Source material:
+ + + +

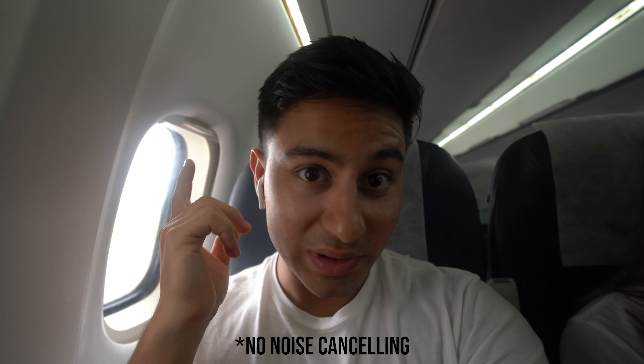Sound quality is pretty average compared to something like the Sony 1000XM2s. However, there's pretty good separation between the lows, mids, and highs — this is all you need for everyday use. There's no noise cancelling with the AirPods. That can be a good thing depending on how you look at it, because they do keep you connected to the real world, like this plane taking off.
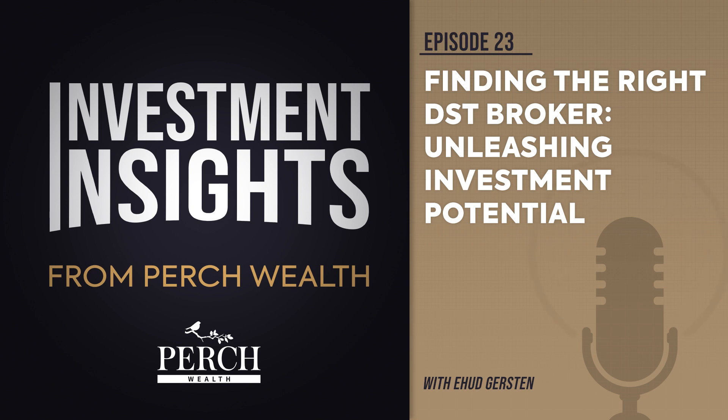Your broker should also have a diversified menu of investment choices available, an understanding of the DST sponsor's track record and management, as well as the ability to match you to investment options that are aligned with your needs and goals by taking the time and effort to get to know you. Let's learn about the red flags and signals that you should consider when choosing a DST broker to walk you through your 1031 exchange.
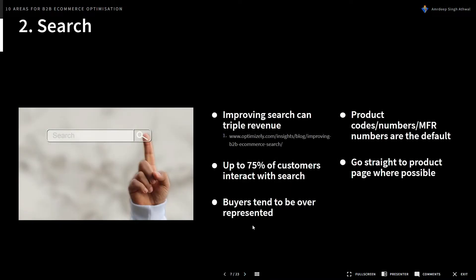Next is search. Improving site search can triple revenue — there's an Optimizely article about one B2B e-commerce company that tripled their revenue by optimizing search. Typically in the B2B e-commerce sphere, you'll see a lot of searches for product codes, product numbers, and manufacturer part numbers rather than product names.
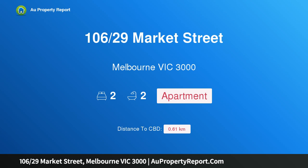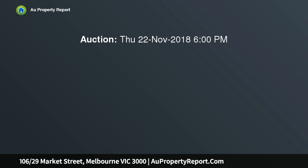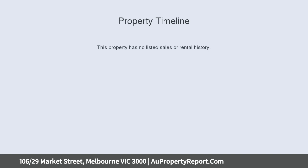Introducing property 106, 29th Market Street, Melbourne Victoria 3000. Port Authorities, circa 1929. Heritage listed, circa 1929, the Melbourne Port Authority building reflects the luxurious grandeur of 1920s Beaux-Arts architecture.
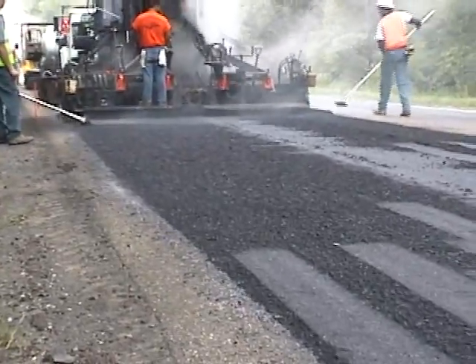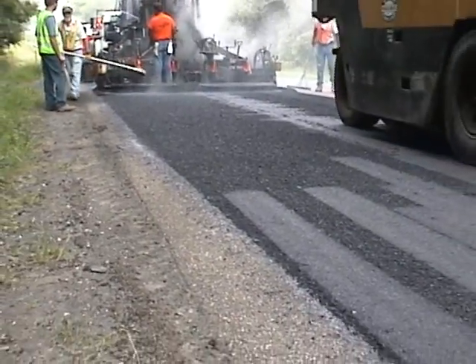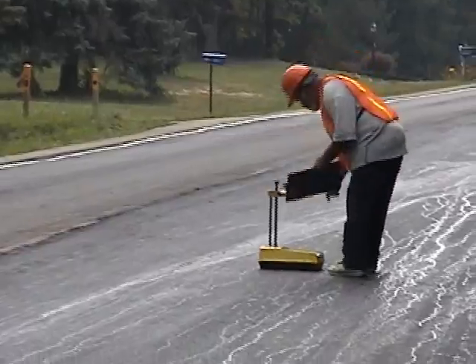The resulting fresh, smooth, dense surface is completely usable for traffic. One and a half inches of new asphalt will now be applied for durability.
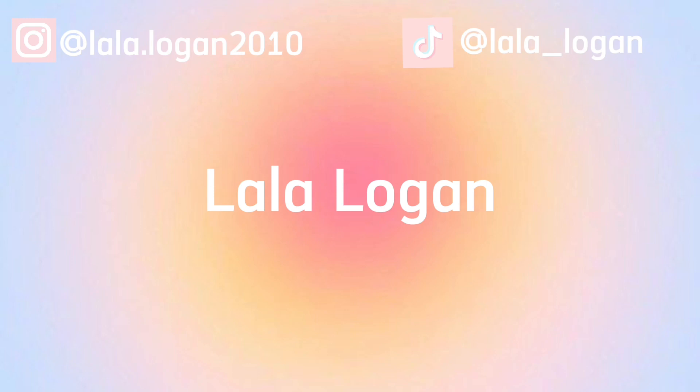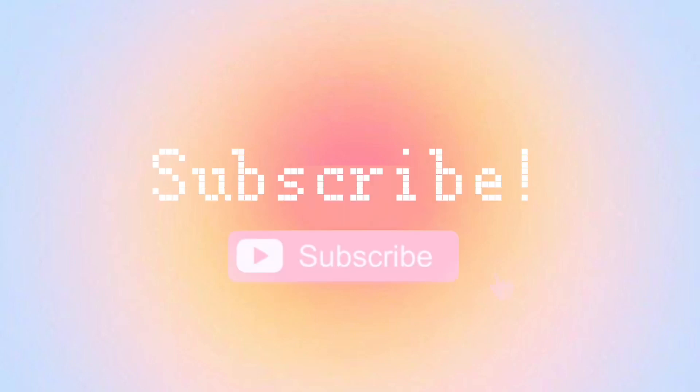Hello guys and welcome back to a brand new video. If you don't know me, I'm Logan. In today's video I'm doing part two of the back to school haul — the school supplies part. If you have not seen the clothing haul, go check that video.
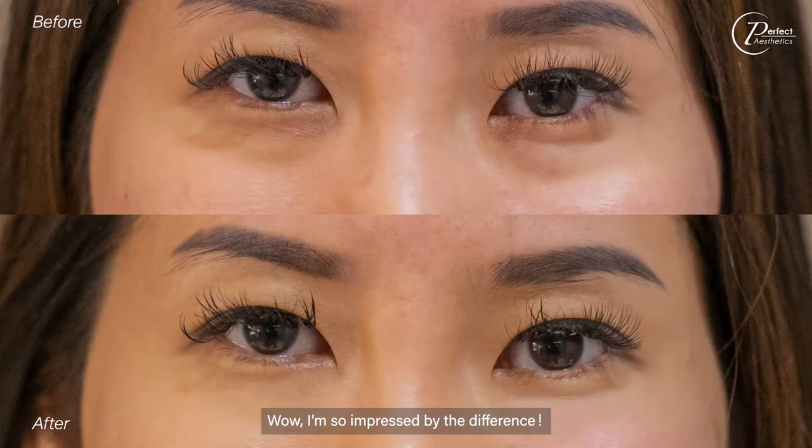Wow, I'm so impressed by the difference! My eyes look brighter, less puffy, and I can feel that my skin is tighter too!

+ + + +

Task instructions:
Transcribe exactly the lines that run from the first line of the records above through the line with "Your broker should", and include both of those lines; pictures stay out.

The answer:
Sound quality is pretty average compared to something like the Sony 1000XM2s. However, there's pretty good separation between the lows, mids, and highs — this is all you need for everyday use. There's no noise cancelling with the AirPods. That can be a good thing depending on how you look at it, because they do keep you connected to the real world, like this plane taking off.
Your broker should also have a diversified menu of investment choices available, an understanding of the DST sponsor's track record and management, as well as the ability to match you to investment options that are aligned with your needs and goals by taking the time and effort to get to know you. Let's learn about the red flags and signals that you should consider when choosing a DST broker to walk you through your 1031 exchange.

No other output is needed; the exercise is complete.